Consider these dodgy proofs. Although the results are obviously wrong, where, precisely, do the 'proofs' break down? There are four starter questions, four main questions and three questions for pudding. Good luck!
 
 
STARTER QUESTIONS 

S1. A pound equals a penny   

Proof:
£$1 = 100 p = (10p)^2 = ($ £$ 0.1)^2 = $ £$0.01 = 1p$


S2. ${\mathbf{2 = 3}}$

Proof:
We have $2\times 0 =0$ and also $3\times 0 = 0$. 
Therefore we have $2 \times 0 = 3 \times 0$. 
Dividing both sides by $0$ gives $2=3$.

S3. The perimeter of a square is four times its area

Proof:
Choose units so that the side of the square is length 1.
Then the perimeter equals 4 units and the area equals $1\times 1=1$ unit.
Thus, the perimeter of the square is four times its area.

 
S4. ${\mathbf{0 = 1}}$  

Proof:
$0=0+0+0+\cdots$. But $0=1-1$, so $$ 0=(1-1)+(1-1)+(1-1)+\cdots $$ So, by rearranging the brackets, we have $$ 0=1+(-1+1)+(-1+1)+(-1+1)+\cdots = 1+0+0+0+\cdots = 1 $$


 
MAIN QUESTIONS  
 
M1. ${\mathbf{\infty = -1}}$

Proof:
Let $$x=1+2+4+8+\dots $$ Thus, $$1+2x = 1+2(1+2+4+\cdots) = 1+2+4+8+\cdots = x$$ Thus, $1+2x=x$. Rearranging this gives $x=-1$. However, $x$ is also obviously infinite. Thus, $\infty = -1$.

 
M2. Any two real numbers are the same

Proof:
Pick any three real numbers $a$, $b$ and $c$.
If $a^b = a^c$, then $b = c$.
Therefore, since $1^x = 1^y$, we may deduce $x = y$ for any two real numbers $x$ and $y$.


M3. All numbers are equal

Proof:
Suppose that all numbers were not the same. Choose two numbers $a$ and $b$ which are not the same. Therefore one is bigger; we can suppose that $a> b$. Therefore, there is a positive number $c$ such that $a=b+c$. Therefore, multiplying sides by $(a-b)$ gives $$a(a-b) = (b+c)(a-b)$$ Expanding gives $$a^2-ab = ab-b^2+ac -bc $$ Rearranging gives $$a^2-ab-ac= ab-b^2-bc$$ Taking out a common factor gives $$ a(a-b-c) = b(a-b-c) $$ Dividing throughout by $(a-b-c)$ gives $a=b$, therefore $a$ and $b$ could not have been different after all, hence all numbers are equal.

 
 
M4. All numbers are equal - version 2    

Proof:
Choose any two numbers $a$ and $b$, where $a \neq b$, and let $a+b=s$.

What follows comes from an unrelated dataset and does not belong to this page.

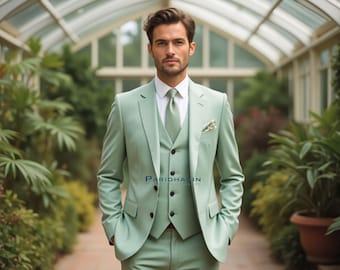 Mens Sage Green 3 Piece Suit Slim Fit Wedding Groom Outfit | Paridhanin.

Thus, $(a+b)(a-b) = s(a-b)$

Thus, $a^2-b^2 = sa - sb$

Thus, $a^2 -sa = b^2-sb$

Thus, $a^2-sa+s^2/4 = b^2-sb+s^2/4$

Thus, $(a-s/2)^2 = (b-s/2)^2$

Thus, $a-s/2 = b-s/2$

Thus, $a=b$, and so all numbers are equal

PUDDING QUESTIONS  
 

P1. ${\mathbf{3 = 0}}$

Proof:
Consider the quadratic equation $ x^2+x+1=0 $. Then, we can see that $ x^2=-x-1 $. Assuming that $x$ is not zero (which it clearly isn't, from the equation) we can divide by $x$ to give $$ x= -1-\frac{1}{x} $$ Substitute this back into the $x$ term in the middle of the original equation, so $$ x^2 +\left(-1-\frac{1}{x}\right)+1=0 $$ This reduces to $$x^2=\frac{1}{x}$$ So, $x^3=1$, so $x=1$ is the solution. Substituting back into the equation for $x$ gives $$ 1^2+1+1=0 $$ Therefore, $3=0$. 
 
 

 
P2. The smallest positive number is 1 

Proof:
Suppose that $x$ is the smallest positive number. Clearly $x\le 1$ and also $x^2> 0$. Since $x$ is the smallest positive number, $x^2$ can't be smaller then $x$, so we must have $x^2\geq x$. We can divide both sides of this by the positive number $x$ to get $x \geq 1$. Since $x$ is both less than or equal to $1$ and greater than or equal to $1$, $x$ must equal $1$. Thus the smallest positive number is $1$. 
 
 
 
P3. ${\mathbf{1=-1}}$.

Proof:
Clearly, $-1=-1$ and $\frac{1}{1} = \frac{-1}{-1}$
Therefore, $-1\times \frac{1}{1}=-1\times \frac{-1}{-1}$
Therefore, $\frac{-1\times 1 }{1}=\frac{-1\times -1}{-1}$
Therefore, $\frac{-1}{1}=\frac{1}{-1}$
Therefore, $\sqrt{\frac{-1}{1}}=\sqrt{\frac{1}{-1}}$
Therefore, $\frac{\sqrt{-1}}{1}=\frac{1}{\sqrt{-1}}$
Multipliying both sides by $\sqrt{-1}\times 1$ gives $\sqrt{-1}\times \sqrt{-1} = 1\times 1$
Therefore, $-1=1$